Classification system expansion method based on pre-training text coding model

Technical Field

The invention belongs to the technical field of artificial intelligence, and particularly relates to a classification system expansion method based on a pre-training text coding model, which is a classification system expansion technology for carrying out self-supervision training according to the existing classification system and related word definitions.

Background

With the development of the internet and the arrival of the big data era, a large amount of available data resources are accumulated in society. How to organize heterogeneous distributed mass information, dig deeper knowledge content, and provide efficient and accurate information service for users becomes a problem of great concern.

The classification system is a semantic hierarchy composed of upper and lower relations and is an important component of the knowledge graph. The accurate and complete classification system is constructed, which is helpful for solving various problems in the fields of natural language processing, information retrieval and the like, such as query understanding, question answering systems, personalized recommendation and the like. In the world, the boundaries of network resources and human knowledge are continuously expanded, new knowledge is continuously and rapidly emerged, but the existing classification system is difficult to keep up with the increase speed, and the problem of insufficient coverage of the classification system is more prominent particularly in special fields such as 'medical treatment' and 'law'. The expansion of a classification system of large-scale data has the reasons of huge workload in a manual mode, difficulty in searching by experts and the like, and the method is very dependent on an automatic construction technology of a computer. This makes it important to expand the top-bottom relationship from large-scale corpora through automation of computer technology.

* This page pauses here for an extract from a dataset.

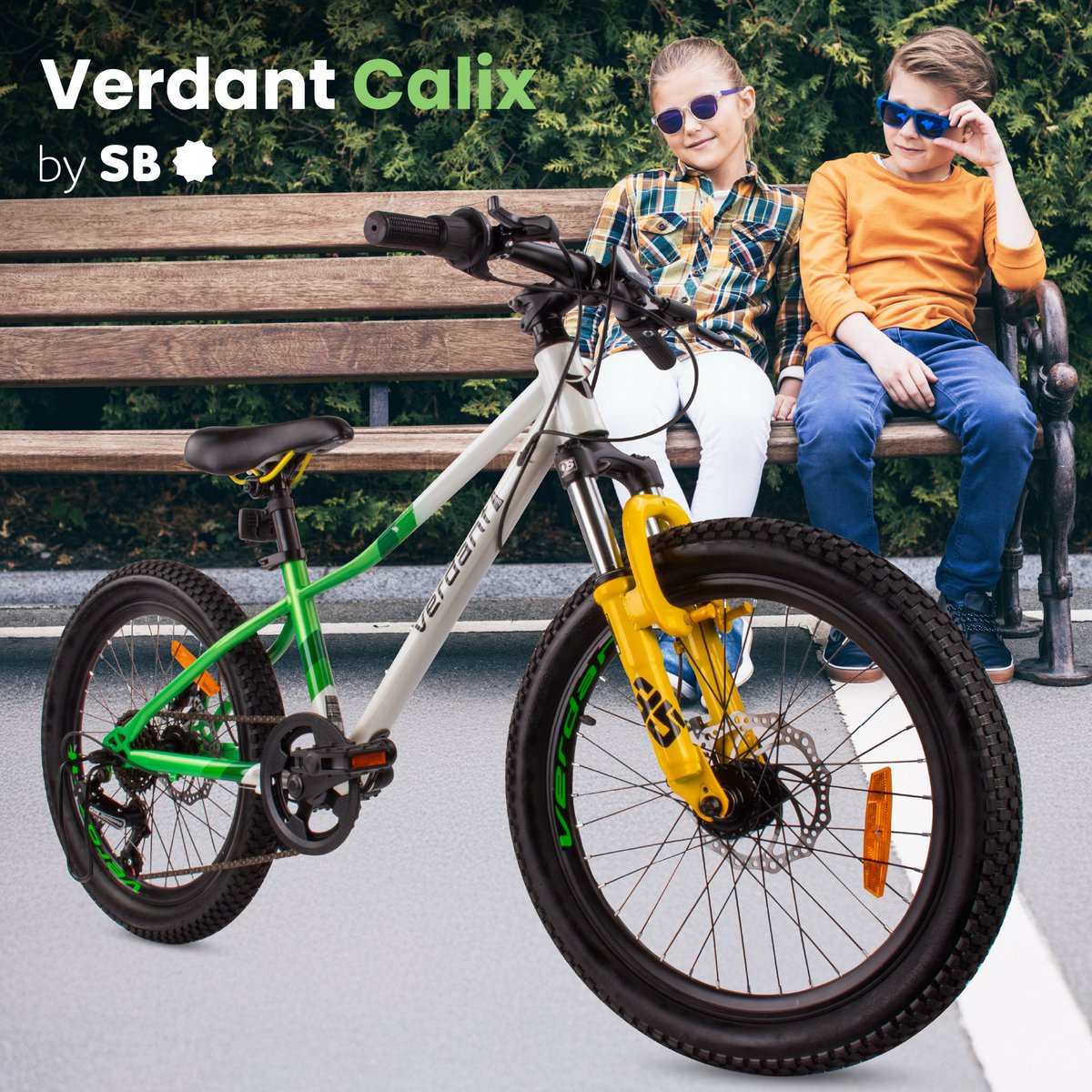 Vélo Enfant 20 Pouces TESUGN - 7 Vitesses, Cadre Acier, Freins V, Vert Pour Filles Et Garçons 130-150cm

In recent years, significant progress has been made in methods for expanding the classification system from text corpora. The existing classification system expansion method can be mainly divided into two types, the traditional classification system expansion method mainly adopts a word method matching method based on a mode, and the method extracts the upper and lower relations from a large-scale corpus by setting a specific grammar mode so as to expand the classification system, so that a certain effect is obtained in English corpus, but the effect on Chinese corpus is poor; in recent years, with the development of deep learning and pre-training models in natural language processing, learning different text expression vectors by using the deep learning models becomes a mainstream method for improving the effect of the extension of a classification system.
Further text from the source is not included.